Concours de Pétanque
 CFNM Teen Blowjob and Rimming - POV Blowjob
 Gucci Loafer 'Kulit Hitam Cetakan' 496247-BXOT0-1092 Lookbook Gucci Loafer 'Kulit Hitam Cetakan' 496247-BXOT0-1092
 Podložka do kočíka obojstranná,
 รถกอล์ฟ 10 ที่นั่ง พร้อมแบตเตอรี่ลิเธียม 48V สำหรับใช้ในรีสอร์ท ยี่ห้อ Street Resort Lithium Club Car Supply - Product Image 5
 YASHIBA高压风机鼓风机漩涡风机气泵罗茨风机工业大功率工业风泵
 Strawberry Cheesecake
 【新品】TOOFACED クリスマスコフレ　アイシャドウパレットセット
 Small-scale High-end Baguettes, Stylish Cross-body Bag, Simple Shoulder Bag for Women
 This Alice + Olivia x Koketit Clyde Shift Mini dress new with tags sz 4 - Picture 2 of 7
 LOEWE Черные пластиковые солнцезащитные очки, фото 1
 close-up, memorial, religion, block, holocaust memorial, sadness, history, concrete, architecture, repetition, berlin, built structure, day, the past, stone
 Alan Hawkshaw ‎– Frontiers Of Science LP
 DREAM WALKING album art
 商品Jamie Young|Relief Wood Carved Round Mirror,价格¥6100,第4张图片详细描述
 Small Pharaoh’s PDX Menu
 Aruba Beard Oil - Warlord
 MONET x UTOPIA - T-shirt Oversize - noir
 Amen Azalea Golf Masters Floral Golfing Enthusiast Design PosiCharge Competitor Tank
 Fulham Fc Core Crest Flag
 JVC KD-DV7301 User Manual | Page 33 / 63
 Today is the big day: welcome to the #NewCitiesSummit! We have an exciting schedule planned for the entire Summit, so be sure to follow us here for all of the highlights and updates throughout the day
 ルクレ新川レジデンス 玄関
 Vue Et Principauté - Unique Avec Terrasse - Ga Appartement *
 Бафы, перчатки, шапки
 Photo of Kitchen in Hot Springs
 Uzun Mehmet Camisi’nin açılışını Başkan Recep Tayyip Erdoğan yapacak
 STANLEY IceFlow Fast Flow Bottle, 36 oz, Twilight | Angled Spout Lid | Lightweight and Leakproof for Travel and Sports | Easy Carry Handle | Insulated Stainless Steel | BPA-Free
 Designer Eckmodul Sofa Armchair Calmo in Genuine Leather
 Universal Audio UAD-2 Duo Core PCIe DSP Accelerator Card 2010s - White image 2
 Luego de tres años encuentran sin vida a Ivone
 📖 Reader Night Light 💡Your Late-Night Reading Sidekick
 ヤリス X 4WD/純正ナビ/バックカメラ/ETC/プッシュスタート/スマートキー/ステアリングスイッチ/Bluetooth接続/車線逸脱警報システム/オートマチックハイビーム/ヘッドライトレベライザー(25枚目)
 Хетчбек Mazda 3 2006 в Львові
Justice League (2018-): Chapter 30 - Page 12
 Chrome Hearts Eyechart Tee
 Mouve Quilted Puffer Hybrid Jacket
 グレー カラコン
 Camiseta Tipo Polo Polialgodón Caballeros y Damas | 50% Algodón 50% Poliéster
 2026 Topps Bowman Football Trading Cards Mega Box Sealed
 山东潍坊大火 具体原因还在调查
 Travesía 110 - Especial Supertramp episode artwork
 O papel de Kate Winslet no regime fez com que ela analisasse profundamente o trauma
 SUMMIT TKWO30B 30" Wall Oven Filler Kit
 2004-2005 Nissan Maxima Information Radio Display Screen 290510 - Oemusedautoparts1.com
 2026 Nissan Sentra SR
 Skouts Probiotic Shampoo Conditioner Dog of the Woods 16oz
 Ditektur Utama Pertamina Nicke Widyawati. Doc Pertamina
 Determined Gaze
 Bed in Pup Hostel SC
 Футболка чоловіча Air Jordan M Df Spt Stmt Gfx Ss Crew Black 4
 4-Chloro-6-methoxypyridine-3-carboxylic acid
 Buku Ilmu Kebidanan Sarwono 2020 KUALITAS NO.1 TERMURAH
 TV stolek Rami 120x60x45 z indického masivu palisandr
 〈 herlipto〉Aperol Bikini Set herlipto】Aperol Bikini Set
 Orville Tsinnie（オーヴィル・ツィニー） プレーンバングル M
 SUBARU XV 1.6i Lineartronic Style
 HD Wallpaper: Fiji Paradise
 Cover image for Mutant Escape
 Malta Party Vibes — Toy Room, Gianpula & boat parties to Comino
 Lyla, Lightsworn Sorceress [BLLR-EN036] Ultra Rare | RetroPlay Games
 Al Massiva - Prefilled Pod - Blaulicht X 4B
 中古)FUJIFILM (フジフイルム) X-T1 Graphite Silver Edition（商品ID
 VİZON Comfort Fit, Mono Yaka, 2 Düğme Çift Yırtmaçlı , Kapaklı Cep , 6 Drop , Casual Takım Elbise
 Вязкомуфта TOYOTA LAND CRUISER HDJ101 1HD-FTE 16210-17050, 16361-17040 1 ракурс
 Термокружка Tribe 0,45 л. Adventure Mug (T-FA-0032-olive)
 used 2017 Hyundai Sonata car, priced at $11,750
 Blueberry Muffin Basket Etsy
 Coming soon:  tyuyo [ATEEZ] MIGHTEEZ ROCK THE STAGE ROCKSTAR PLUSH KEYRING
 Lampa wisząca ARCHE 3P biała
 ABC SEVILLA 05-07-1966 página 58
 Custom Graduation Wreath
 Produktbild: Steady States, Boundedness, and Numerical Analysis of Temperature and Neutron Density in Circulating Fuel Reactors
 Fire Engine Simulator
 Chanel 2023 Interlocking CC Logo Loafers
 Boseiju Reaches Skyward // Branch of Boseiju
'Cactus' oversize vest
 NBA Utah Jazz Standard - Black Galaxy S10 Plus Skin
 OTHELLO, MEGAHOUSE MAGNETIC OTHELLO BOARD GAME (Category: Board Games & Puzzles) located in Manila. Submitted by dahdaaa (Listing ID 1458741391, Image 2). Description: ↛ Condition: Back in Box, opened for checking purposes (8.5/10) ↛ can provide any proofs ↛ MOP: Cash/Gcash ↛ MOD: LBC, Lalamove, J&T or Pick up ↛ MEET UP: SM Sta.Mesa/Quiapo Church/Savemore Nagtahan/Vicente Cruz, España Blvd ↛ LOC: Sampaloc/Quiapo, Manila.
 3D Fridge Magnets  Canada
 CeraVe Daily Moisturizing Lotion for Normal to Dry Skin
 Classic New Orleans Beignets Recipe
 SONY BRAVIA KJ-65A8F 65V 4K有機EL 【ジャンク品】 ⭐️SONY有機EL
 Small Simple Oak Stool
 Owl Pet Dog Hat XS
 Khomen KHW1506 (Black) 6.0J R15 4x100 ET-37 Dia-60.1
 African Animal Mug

....................

_What needs to be done_:
Scan the entries above for the string "Nissan", and copy every line where it turns up.

_Problem solution_:
 2004-2005 Nissan Maxima Information Radio Display Screen 290510 - Oemusedautoparts1.com
 2026 Nissan Sentra SR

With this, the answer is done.